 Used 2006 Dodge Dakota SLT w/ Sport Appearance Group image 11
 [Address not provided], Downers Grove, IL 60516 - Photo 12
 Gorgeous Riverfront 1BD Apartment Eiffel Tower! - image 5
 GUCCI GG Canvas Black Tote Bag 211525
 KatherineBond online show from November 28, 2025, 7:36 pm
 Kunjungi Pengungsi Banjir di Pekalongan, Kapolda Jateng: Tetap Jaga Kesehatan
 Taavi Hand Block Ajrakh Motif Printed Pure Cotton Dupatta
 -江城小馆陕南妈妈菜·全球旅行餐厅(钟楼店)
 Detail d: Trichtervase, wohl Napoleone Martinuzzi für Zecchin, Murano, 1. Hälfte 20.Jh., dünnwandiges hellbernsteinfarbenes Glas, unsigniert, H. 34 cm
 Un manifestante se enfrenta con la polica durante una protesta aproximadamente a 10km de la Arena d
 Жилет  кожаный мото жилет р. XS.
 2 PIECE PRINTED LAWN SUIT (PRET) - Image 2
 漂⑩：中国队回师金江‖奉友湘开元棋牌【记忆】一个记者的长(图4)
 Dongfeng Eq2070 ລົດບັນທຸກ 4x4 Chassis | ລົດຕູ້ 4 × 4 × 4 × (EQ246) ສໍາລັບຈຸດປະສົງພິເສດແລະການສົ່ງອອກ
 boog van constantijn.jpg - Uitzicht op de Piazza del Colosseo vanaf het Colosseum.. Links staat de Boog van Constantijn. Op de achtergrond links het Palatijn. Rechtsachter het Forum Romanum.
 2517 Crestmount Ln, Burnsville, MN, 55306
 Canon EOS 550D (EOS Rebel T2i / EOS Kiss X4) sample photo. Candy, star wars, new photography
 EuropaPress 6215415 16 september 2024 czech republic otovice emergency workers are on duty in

◆ Exercise instructions:
The lines above starting at the one that contains "Gorgeous Riverfront 1BD" and ending at the one that contains "boog van constantijn.jpg" must be transcribed exactly, and no other lines may appear.

◆ Worked solution:
 Gorgeous Riverfront 1BD Apartment Eiffel Tower! - image 5
 GUCCI GG Canvas Black Tote Bag 211525
 KatherineBond online show from November 28, 2025, 7:36 pm
 Kunjungi Pengungsi Banjir di Pekalongan, Kapolda Jateng: Tetap Jaga Kesehatan
 Taavi Hand Block Ajrakh Motif Printed Pure Cotton Dupatta
 -江城小馆陕南妈妈菜·全球旅行餐厅(钟楼店)
 Detail d: Trichtervase, wohl Napoleone Martinuzzi für Zecchin, Murano, 1. Hälfte 20.Jh., dünnwandiges hellbernsteinfarbenes Glas, unsigniert, H. 34 cm
 Un manifestante se enfrenta con la polica durante una protesta aproximadamente a 10km de la Arena d
 Жилет  кожаный мото жилет р. XS.
 2 PIECE PRINTED LAWN SUIT (PRET) - Image 2
 漂⑩：中国队回师金江‖奉友湘开元棋牌【记忆】一个记者的长(图4)
 Dongfeng Eq2070 ລົດບັນທຸກ 4x4 Chassis | ລົດຕູ້ 4 × 4 × 4 × (EQ246) ສໍາລັບຈຸດປະສົງພິເສດແລະການສົ່ງອອກ
 boog van constantijn.jpg - Uitzicht op de Piazza del Colosseo vanaf het Colosseum.. Links staat de Boog van Constantijn. Op de achtergrond links het Palatijn. Rechtsachter het Forum Romanum.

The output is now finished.